Le président : Ce serait utile.

Dans mes observations du début, j'ai fait une allusion déplacée à l'âge, mais je ne peux pas me porter garant de la mémoire de certains de mes collègues, surtout masculins. Il serait donc utile d'avoir un texte.

Lynda Partner, directrice, Canadian Women in Technology : Je comparais à deux titres. D'abord, comme PDG de quatre sociétés de haute technologie. J'incarne la petite entreprise type dirigée par une femme. Je suis également administratrice chez CanWIT, tribune nationale pour les Canadiennes dans le secteur de la technologie. J'essaie donc de représenter les femmes plus généralement dans le domaine de la technologie.

J'ai travaillé exclusivement dans l'industrie de la technologie pendant 28 ans. J'ai été dans les télécommunications, le logiciel, les communications sans fil et Internet. J'ai été présidente ou PDG de quatre entreprises, dont deux on été fondées par moi. Toutes ont été des entreprises vouées à la croissance; deux ont reçu l'appui de sociétés de capital de risque et une était une société ouverte.

Depuis cinq ans, je participe également aux activités de CanWIT, qui est une organisation sans but lucratif qui reconnaît que les femmes du domaine de la technologie ont besoin d'outils spécialisés et de soutien pour mieux réussir dans leur domaine. L'organisation propose du mentorat, du réseautage, du perfectionnement et la défense d'intérêts.

Pour ma part, j'ai été animée par la volonté de voir plus de jeunes femmes s'engager dans la filière des sciences, de la technologie, du génie et des mathématiques. Je voudrais qu'il y ait plus de femmes qui dirigent des entreprises. Lorsque j'occupais ce genre de poste, je me sentais un peu seule.
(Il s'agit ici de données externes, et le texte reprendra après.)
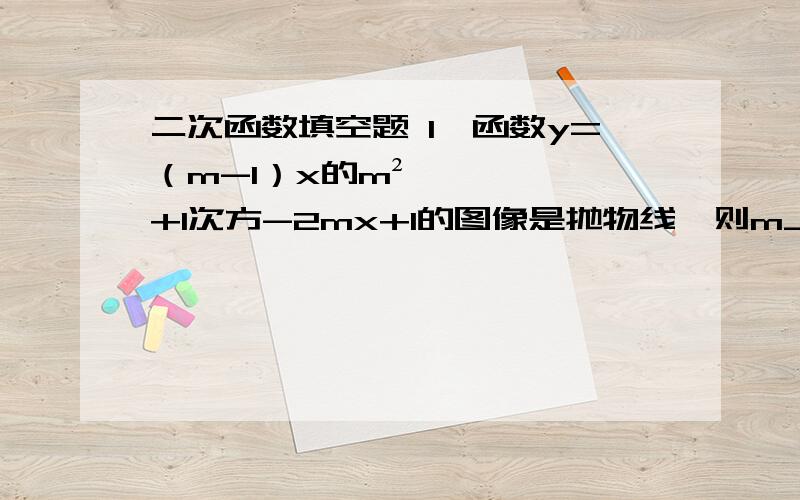 二次函数填空题 1、函数y=（m-1）x的m²+1次方-2mx+1的图像是抛物线,则m________2、抛物线y=-x²-2x+3与x轴交点为___________,与y轴的交点_______3、抛物线y=1/2x²+3x-7/2写成y=a（x-h）平方+k的形式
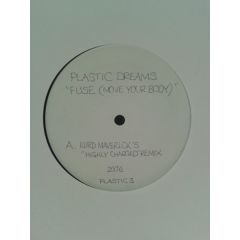 Plastic Dreams - Plastic Dreams - Fuse (Move Your Body) - Manifesto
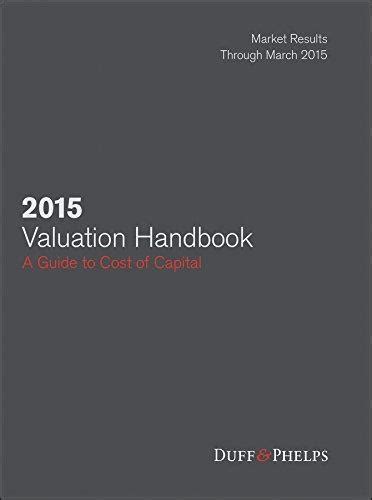 Read Online 2015 Valuation Handbook Guide To Cost Of Capital Wiley Finance 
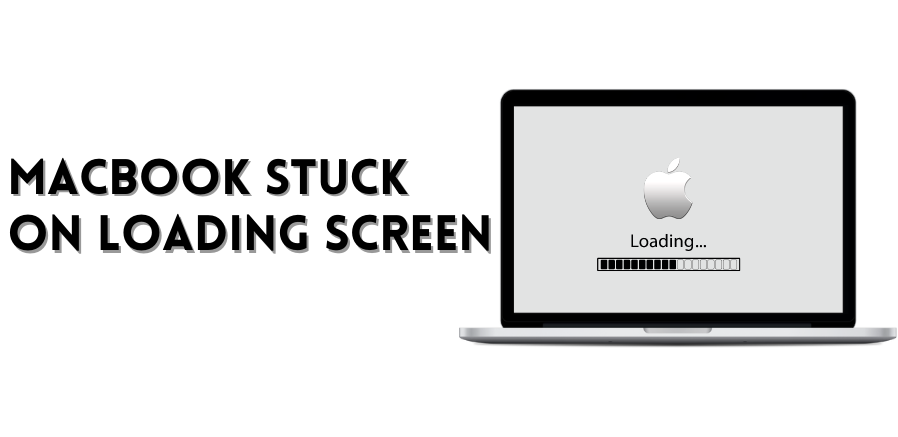 Macbook Stuck on Loading Screen Problem- How to Fix it?
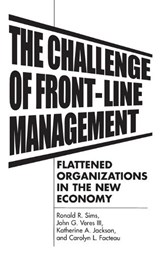 The Challenge of Front-Line Management - Carolyn L. Facteau ; Katherine A. Jackson ; Ronald R. Sims ; John G. Veres - 9781567203738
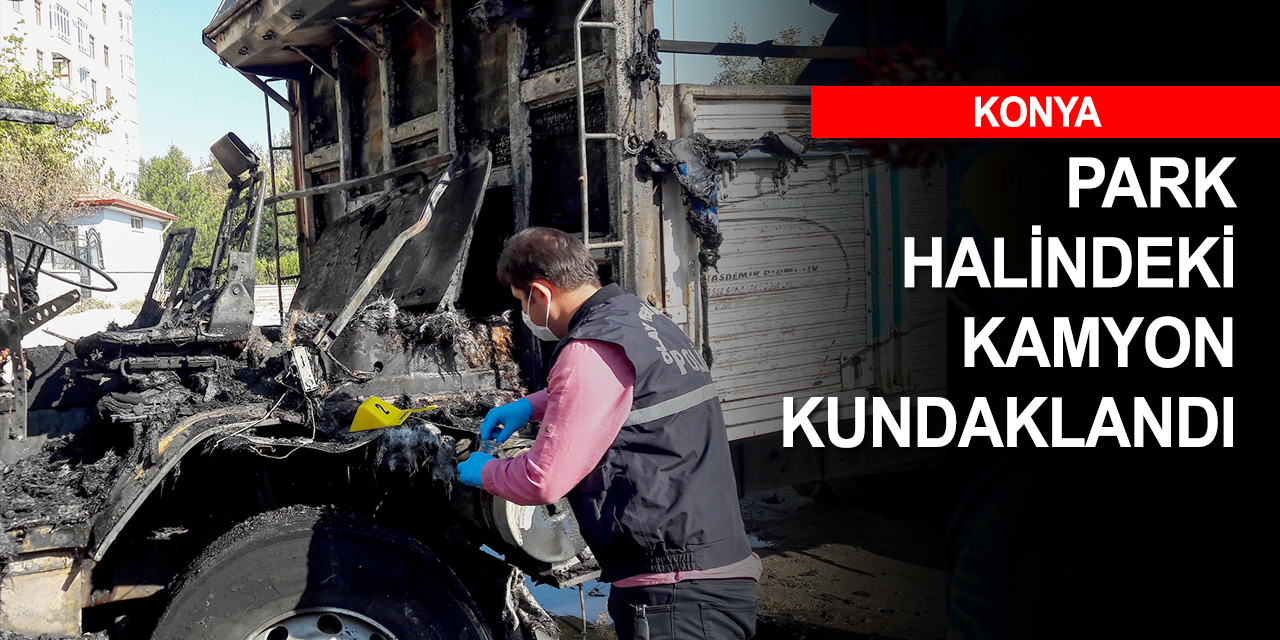Konya'da kamyonunu park eden sürücü 45 dakika sonra kundaklandığı haberini aldı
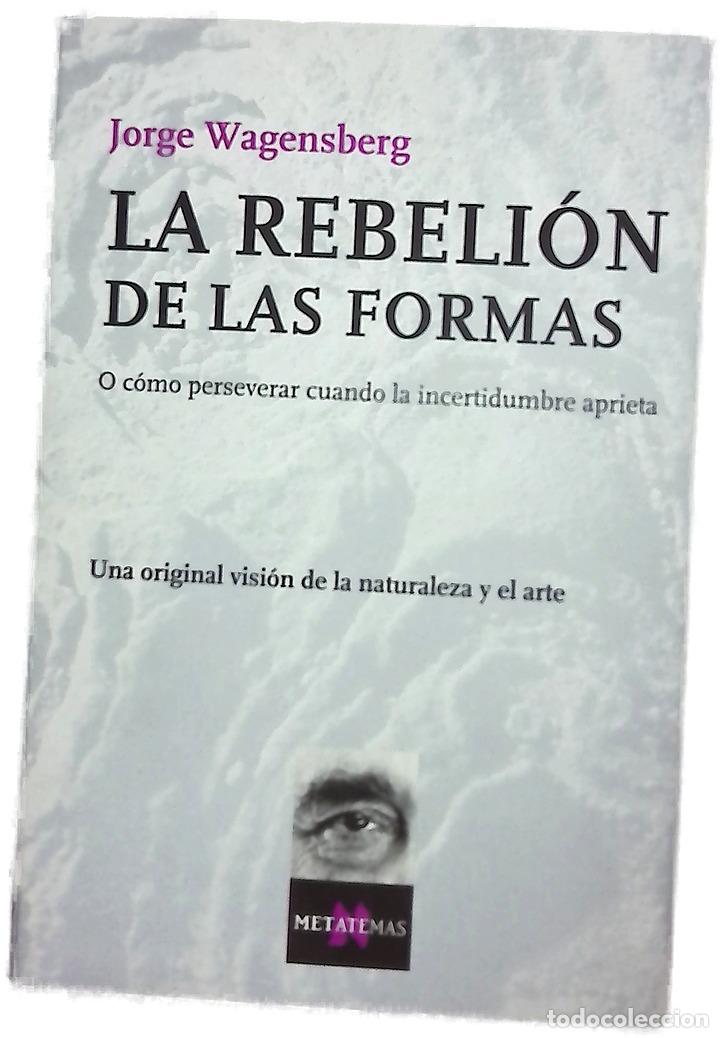 Libros: La rebeli&oacute;n de las formas o C&oacute;mo perseverar cuando la incertidumbre aprieta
Pour faciliter la réalisation de ces objectifs, je dirige en ce moment une communauté électronique pour les jeunes femmes afin de les encourager à faire carrière en technologie. Et je fais actuellement partie du conseil consultatif de l'école de gestion Telfer, à l'Université d'Ottawa, où j'ai l'occasion de discuter avec les étudiants des difficultés et des gratifications liées au démarrage et à l'exploitation d'une entreprise dans le domaine de la technologie.

Je voudrais ajouter aux observations des autres témoins et glisser mon propre point de vue personnel, qui est appuyé par mes conversations avec des centaines de femmes dans le secteur de la technologie. Mon point de vue tient compte également des résultats d'une étude nationale menée auprès des membres de CanWIT, qui ont été consultées au sujet des problèmes qui les empêchent de lancer ou de faire progresser leurs propres entreprises.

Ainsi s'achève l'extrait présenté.